Usually, it’s chapter 13 cases that are most time-sensitive, but that doesn’t mean you should carelessly delay the filing of your chapter 7. Here are a few reasons why filing sooner, rather, than later can be a good idea.
- Repossession or foreclosure
While it is true that a chapter 7 filing doesn’t provide a mechanism for curing secured-debt arrears (that’s what chapter 13 cases do), it can delay a repossession or foreclosure by several months. You might not want to stay in your house forever, but you might still need a few extra months to make new living arrangements. In that situation, it is important to file the case prior to expiration of the 10-day upset bid period in a foreclosure, or prior to the car being picked up in a repossession situation.
- Entry of Judgment
In many situations, the entry of a state court judgment will not make any practical difference in your bankruptcy case. Judgment or not, that Capital One debt is getting discharged. But if you own real estate (and especially if you don’t share ownership of that property with a spouse) then that judgment can result in a judgment lien attaching to that property. To be safe (and to clear up any future title issues), it can be a good idea to file the bankruptcy prior to the entry of that judgment.

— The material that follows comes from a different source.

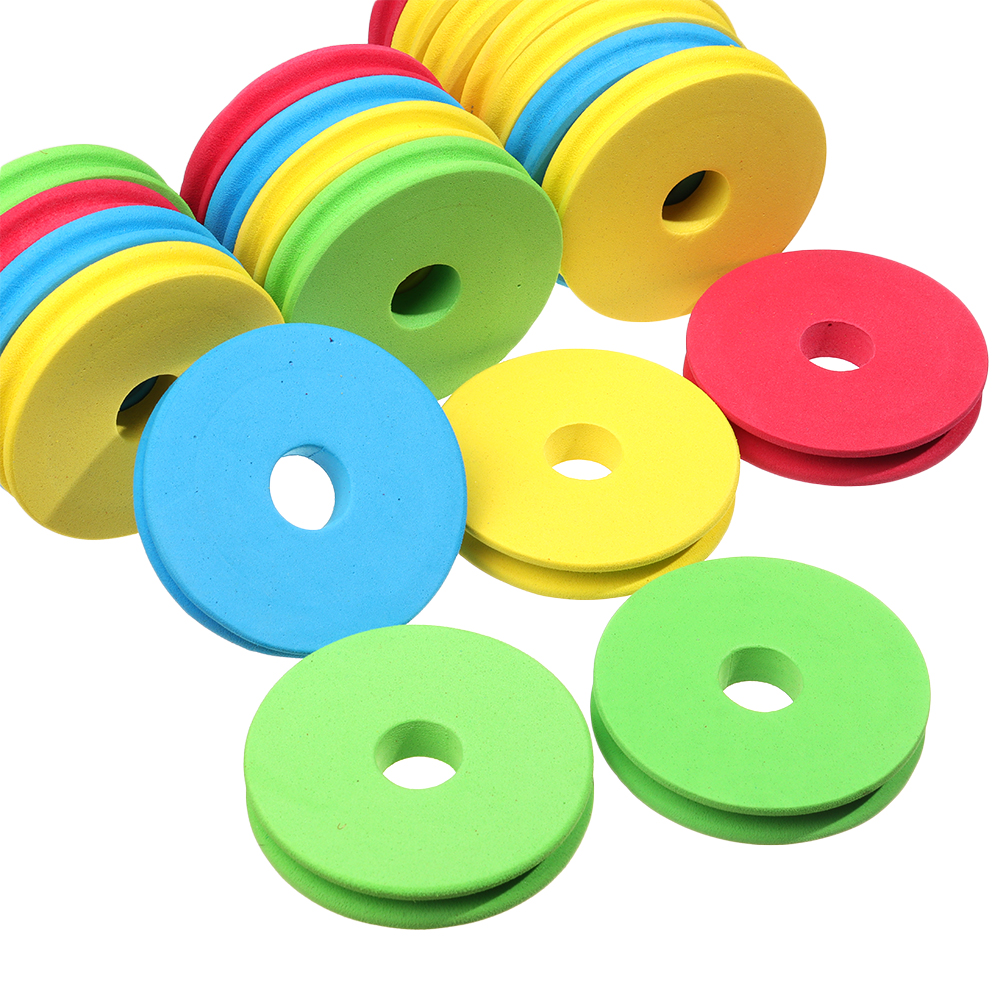 20Pcs EVA Foam Spools Portable - Baitcasting Reel avis et prix
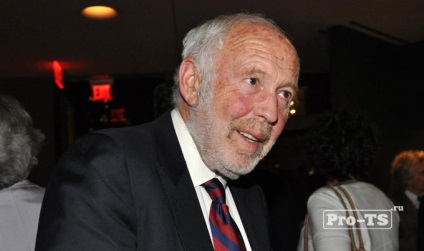 James Simons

- Expected Inheritance or life insurance proceeds
If you become entitled to receive an inheritance or life insurance proceeds within 180 days of filing a chapter 7 case, then that money will go to pay your debts. While predicting an elderly or ill family member’s life expectancy is both emotionally and practically difficult, it is worth considering. If you’re rich great-aunt is a healthy ninety years old, go ahead and file your case now, not when she’s in hospice care.
- Changes in Income
The income-eligibility component of chapter 7 cases involves the analysis of your last six months of income, meaning that fluctuations in your income over those six months are blended together. If you just got a big raise, file now, not in four, five, or six months when the six-month income average may be too great to qualify for chapter 7.